* **Instructions for the task**
Every record below needs to be written out exactly, apart from the pictures.

* **Exercise inputs**
Start of Block

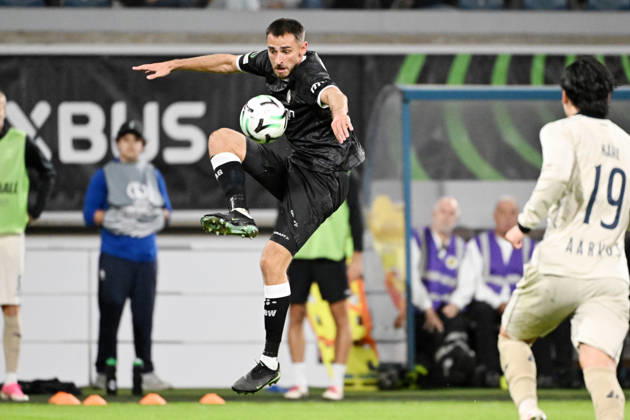 261015 AA Gent vs Aarhus Matties Volckaert of KAA Gent is pictured in action with the ball during Matchday 2 in the 2026-2027 Uefa Conference League season - league phase between AA Gent and AGF Aarhus on October 15 , 2026 in Gent, Belgium. (Photo by Maarten Straetemans Isosport) Gent Belgium  Copyright: xMaartenxStraetemansx GENT-AARHUS_20261015_142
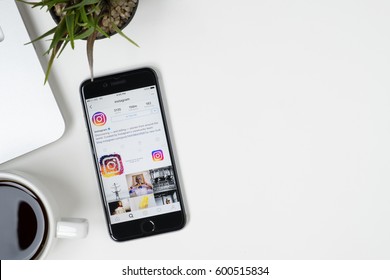 Apple Mobile Logo Images Stock Photos Vectors Shutterstock
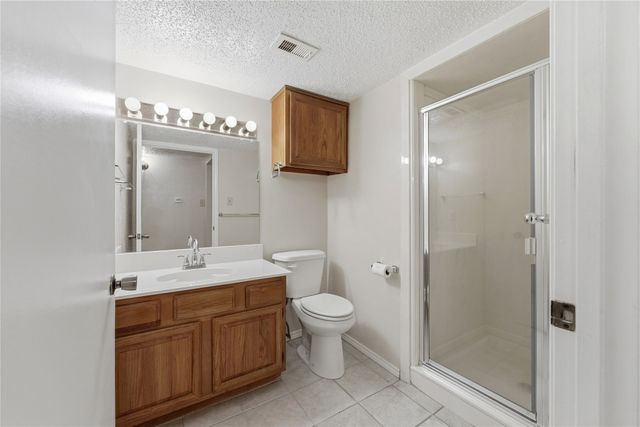 1729 Jenkins Lane, Glenn Heights, TX 75154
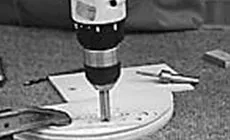 Schneiden Sie die Stopfen aus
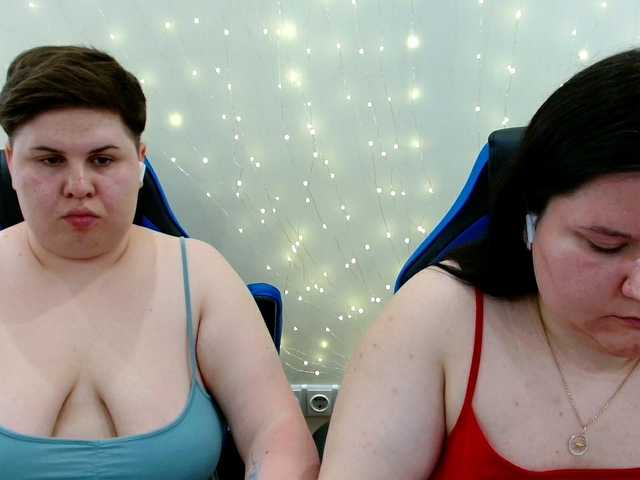 beckyandellen live sex show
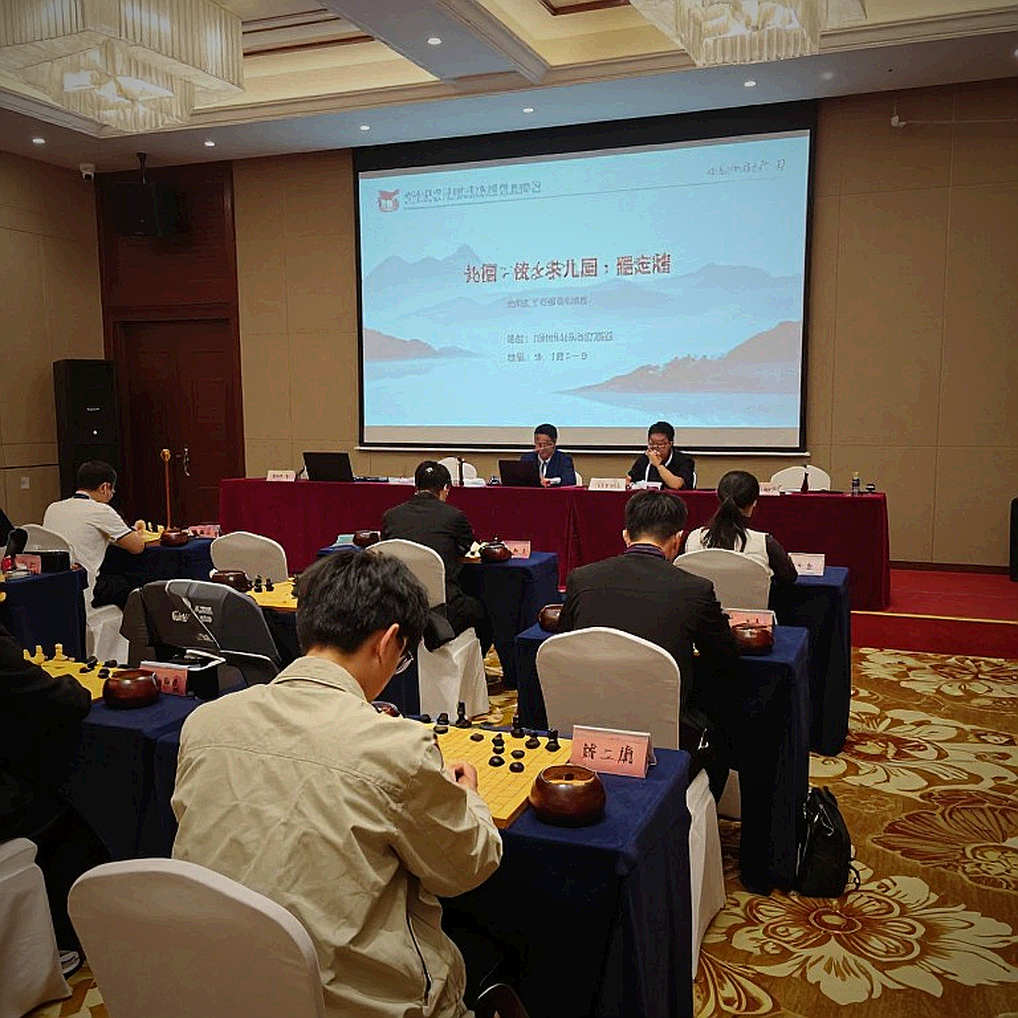 Phân Tích Chuyên Sâu: Karsten Müller Và Ngách Huấn Luyện Tàn Cuộc Trong Kỷ Nguyên Máy Tính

End of Block

* **Result**
 261015 AA Gent vs Aarhus Matties Volckaert of KAA Gent is pictured in action with the ball during Matchday 2 in the 2026-2027 Uefa Conference League season - league phase between AA Gent and AGF Aarhus on October 15 , 2026 in Gent, Belgium. (Photo by Maarten Straetemans Isosport) Gent Belgium  Copyright: xMaartenxStraetemansx GENT-AARHUS_20261015_142
 Apple Mobile Logo Images Stock Photos Vectors Shutterstock
 1729 Jenkins Lane, Glenn Heights, TX 75154
 Schneiden Sie die Stopfen aus
 beckyandellen live sex show
 Phân Tích Chuyên Sâu: Karsten Müller Và Ngách Huấn Luyện Tàn Cuộc Trong Kỷ Nguyên Máy Tính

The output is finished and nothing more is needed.